Jakarta –
Wakil Ketua KPK, Nurul Ghufron, akan menjalani sidang etik terkait dugaan penyalahgunaan wewenang dalam mutasi jabatan di Kementerian Pertanian (Kementan). Masyarakat Antikorupsi (MAKI)menilai perbuatan Ghufron itu sebagai pelanggaran etik berat.
Koordinator MAKI, Boyamin Saiman, awalnya membandingkan kasus etik Ghufron di Kementan ini dengan kasus etik yang pernah dialami oleh mantan Ketua Mahkamah Konstitusi (MK) Arif Hidayat. Saat itu Arif Hidayat dianggap melanggar etik di sebagai hakim MK saat terlibat kasus ‘menitip’ jaksa.
“Jika mengacu pada putusan yang pernah ada berkaitan dengan Pak Arif Hidayat dulu waktu Ketua MK menitip jaksa untuk dibina sebagai anak yang baik, itu kan sama sekali tidak ada urusan mutasi atau promosi bahkan, tidak ada kepentingan lain. Tapi bahwa menitip itu dianggap melanggar kode etik dan dinyatakan bersalah melanggar kode etik Pak Arif Hidayat waktu itu,” kata Boyamin saat dihubungi, Senin (29/4/2024).

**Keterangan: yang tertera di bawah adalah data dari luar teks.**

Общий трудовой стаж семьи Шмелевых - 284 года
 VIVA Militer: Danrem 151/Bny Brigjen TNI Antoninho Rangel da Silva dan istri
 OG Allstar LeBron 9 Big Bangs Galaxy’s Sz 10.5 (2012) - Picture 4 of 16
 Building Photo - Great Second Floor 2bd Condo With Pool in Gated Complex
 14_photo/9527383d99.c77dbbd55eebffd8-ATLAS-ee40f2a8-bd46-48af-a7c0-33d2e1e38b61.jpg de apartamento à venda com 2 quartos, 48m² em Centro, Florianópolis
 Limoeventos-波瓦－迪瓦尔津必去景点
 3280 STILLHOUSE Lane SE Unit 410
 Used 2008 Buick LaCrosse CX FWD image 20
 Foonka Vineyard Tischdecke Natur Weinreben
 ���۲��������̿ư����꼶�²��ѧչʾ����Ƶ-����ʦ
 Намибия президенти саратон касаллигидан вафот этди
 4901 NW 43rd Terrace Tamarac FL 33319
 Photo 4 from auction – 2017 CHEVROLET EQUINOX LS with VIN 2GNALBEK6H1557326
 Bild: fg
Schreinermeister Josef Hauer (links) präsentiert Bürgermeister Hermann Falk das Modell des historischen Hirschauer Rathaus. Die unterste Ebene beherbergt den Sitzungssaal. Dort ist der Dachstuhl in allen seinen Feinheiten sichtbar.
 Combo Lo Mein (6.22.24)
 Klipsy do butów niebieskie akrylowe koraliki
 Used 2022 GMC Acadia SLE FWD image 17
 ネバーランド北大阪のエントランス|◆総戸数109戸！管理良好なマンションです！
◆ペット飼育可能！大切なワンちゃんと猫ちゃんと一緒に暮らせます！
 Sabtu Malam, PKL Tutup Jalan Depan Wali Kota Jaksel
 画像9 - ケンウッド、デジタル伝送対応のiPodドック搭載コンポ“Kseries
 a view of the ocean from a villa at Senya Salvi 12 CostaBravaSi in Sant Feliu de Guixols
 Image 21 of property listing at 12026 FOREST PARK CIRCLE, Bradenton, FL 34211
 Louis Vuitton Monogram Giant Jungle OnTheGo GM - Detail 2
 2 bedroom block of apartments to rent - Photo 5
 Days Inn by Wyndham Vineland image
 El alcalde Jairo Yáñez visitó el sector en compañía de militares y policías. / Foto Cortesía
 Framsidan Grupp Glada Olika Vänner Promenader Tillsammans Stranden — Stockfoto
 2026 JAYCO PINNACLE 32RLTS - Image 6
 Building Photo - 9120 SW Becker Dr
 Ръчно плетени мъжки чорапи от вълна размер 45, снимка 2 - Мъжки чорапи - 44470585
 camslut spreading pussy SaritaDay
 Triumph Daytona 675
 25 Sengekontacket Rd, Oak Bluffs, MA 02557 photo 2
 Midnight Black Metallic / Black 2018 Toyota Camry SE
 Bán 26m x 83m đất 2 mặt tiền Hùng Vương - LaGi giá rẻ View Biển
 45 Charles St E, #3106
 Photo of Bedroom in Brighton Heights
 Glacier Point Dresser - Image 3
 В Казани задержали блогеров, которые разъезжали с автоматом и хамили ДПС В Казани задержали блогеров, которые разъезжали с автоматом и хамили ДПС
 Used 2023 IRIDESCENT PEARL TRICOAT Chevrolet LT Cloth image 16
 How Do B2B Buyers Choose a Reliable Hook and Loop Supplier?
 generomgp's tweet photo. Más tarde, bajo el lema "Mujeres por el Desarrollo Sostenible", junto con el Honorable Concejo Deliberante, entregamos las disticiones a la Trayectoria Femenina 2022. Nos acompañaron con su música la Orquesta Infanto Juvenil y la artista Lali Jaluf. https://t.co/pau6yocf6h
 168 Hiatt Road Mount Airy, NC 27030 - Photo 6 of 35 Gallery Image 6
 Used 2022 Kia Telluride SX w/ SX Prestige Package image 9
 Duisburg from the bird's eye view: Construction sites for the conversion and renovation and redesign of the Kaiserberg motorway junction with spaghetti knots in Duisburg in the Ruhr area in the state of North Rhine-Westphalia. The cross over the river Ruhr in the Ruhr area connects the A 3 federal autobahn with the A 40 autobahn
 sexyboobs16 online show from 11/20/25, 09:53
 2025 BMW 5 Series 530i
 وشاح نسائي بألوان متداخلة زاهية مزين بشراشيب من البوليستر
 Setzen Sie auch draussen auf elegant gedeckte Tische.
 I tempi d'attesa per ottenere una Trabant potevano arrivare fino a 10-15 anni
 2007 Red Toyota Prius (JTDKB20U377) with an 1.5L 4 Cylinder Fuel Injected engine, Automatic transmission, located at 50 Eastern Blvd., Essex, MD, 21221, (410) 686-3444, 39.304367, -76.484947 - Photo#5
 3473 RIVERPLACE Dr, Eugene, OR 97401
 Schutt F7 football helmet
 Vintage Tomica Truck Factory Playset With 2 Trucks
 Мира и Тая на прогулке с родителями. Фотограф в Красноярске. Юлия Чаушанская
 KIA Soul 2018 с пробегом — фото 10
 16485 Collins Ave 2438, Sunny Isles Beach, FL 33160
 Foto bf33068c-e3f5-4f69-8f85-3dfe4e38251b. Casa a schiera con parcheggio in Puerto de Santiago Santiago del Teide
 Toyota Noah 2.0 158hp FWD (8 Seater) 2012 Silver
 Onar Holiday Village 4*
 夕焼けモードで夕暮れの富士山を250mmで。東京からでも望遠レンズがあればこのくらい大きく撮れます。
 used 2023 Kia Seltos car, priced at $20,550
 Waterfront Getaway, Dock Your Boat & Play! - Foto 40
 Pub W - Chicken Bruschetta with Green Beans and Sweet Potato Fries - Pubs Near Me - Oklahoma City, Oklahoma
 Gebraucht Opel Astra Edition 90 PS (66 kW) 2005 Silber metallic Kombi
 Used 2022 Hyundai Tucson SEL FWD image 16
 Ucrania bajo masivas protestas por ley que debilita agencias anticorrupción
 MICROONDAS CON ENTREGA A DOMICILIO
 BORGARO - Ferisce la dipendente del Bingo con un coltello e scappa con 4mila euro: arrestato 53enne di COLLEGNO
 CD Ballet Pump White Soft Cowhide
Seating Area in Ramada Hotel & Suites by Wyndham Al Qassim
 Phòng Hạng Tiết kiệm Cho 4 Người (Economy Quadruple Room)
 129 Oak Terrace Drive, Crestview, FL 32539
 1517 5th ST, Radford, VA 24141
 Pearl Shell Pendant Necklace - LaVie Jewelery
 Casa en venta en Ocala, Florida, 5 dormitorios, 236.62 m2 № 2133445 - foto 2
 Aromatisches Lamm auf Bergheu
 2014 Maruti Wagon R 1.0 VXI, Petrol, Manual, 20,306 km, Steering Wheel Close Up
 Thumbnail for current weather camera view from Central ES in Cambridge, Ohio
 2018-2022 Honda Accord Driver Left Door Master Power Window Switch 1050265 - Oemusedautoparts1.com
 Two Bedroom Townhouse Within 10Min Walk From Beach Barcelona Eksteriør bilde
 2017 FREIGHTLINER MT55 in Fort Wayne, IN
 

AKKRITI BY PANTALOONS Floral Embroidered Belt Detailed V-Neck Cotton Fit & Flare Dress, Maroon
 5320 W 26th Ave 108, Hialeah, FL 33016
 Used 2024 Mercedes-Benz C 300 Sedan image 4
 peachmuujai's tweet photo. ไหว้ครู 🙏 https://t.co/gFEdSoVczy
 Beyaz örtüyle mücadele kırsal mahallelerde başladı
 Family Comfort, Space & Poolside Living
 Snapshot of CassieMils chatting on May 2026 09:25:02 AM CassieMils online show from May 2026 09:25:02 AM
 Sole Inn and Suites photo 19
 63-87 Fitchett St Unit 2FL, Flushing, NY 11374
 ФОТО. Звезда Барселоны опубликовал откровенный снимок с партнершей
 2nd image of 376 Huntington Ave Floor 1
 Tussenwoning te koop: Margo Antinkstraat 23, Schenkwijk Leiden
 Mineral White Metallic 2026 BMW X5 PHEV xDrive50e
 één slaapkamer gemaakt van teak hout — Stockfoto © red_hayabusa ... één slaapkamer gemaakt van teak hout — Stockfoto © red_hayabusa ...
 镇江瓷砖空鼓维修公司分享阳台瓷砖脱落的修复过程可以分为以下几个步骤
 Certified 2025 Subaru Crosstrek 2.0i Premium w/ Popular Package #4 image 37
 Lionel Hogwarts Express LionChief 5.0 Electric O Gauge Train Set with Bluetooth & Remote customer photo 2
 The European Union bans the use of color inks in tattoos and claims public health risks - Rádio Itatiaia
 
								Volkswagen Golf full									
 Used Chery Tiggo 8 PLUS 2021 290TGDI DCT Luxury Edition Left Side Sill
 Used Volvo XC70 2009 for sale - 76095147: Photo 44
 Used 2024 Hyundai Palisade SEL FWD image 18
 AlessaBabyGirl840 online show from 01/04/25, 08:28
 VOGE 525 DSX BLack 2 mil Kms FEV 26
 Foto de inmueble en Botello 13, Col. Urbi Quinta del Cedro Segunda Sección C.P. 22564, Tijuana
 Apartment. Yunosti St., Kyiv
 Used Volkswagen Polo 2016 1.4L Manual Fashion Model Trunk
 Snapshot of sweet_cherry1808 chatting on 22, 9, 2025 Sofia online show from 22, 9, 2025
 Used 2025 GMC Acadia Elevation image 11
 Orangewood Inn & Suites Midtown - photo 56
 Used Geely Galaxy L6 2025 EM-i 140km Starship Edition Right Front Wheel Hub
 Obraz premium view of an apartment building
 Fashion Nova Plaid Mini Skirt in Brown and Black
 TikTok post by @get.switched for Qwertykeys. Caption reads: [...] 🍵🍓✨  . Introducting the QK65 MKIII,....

Boyamin menilai perbuatan Ghufron dalam mengurus mutasi pegawai di Kementan memiliki kadar pelanggaran yang lebih tinggi dibandingkan kasus titip jaksa dari Arif Hidayat. Dia mengatakan kasus Ghufron memiliki kepentingan yang bersifat pragmatis di dalamnya.
“Jadi kalau Pak Ghufron saya yakin ini apapun mengurus PNS apalagi ini mutasi, ada kepentingan di situ yang lebih sifatnya pragmatis yaitu mutasi apalagi dalam rangka mengikuti suaminya di Malang,” terang Boyamin.
Dia yakin Dewan Pengawas (Dewas) KPK akan memutus bersalah Nurul Ghufron. Boyamin juga menyoroti proses mutasi yang dibantu Ghufron itu bisa dinilai pelanggaran berat merujuk pada Kementan yang telah menjadi ‘pasien’ KPK. Dia mengatakan ada pasal di UU KPK yang telah dilanggar oleh Nurul Ghufron.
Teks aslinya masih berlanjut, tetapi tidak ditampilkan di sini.